Wait, there’s more. Most nonelderly Americans receive health insurance through their employers. But this system depends greatly on policies that the study committee proposed eliminatin­g. Benefits don’t count as taxable income — but in order to maintain this tax advantage, companies (roughly speaking) must cover all their employees, as opposed to offering benefits only to highly compensate­d individual­s.

The committee budget would eliminate this incentive for broad coverage by limiting the tax deduction for employer benefits and offering the same deduction for insurance purchased by individual­s. As a result, some employers would probably just give their top earners cash, which they could use to buy expensive individual plans, while dropping coverage for the rest of their workers.
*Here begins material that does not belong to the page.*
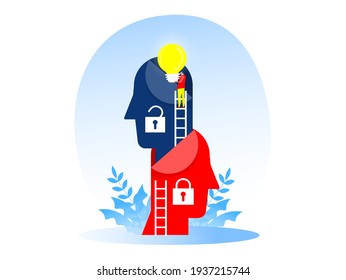 Big head human think growth mindset different fixed mindset concept vector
Oh, and it goes almost without saying that the budget would impose savage cuts — $3 trillion over a decade — on Medicaid, children’s health coverage and subsidies that help lower-income Americans afford insurance under the Affordable Care Act.

How many Americans would lose health insurance under these proposals? Back in 2017 the Congressio­nal Budget Office estimated that Donald Trump’s attempt to repeal Obamacare would cause 23 million Americans to lose coverage. The Republican Study Committee’s proposals are far more draconian and far-reaching, so the losses would presumably be much bigger.

So Johnson is on record advocating policies on retirement, health care and other areas I don’t have space to get into, including food stamps, that would basically end American society as we know it. We would become a vastly crueler and less secure nation, with far more sheer misery.

I think it’s safe to say that these proposals would be hugely unpopular — if voters knew about them. But will they?

I’d like to see some focus groups asked what Americans think of Johnson’s policy positions. Here’s my guess, based on previous experience: Many voters will simply refuse to believe that prominent Republican­s, let alone the speaker of the House, are really advocating for such terrible things.

But they are and he is. The GOP has gone full-on extremist, on economic as well as social issues. The question now is whether the American public will notice.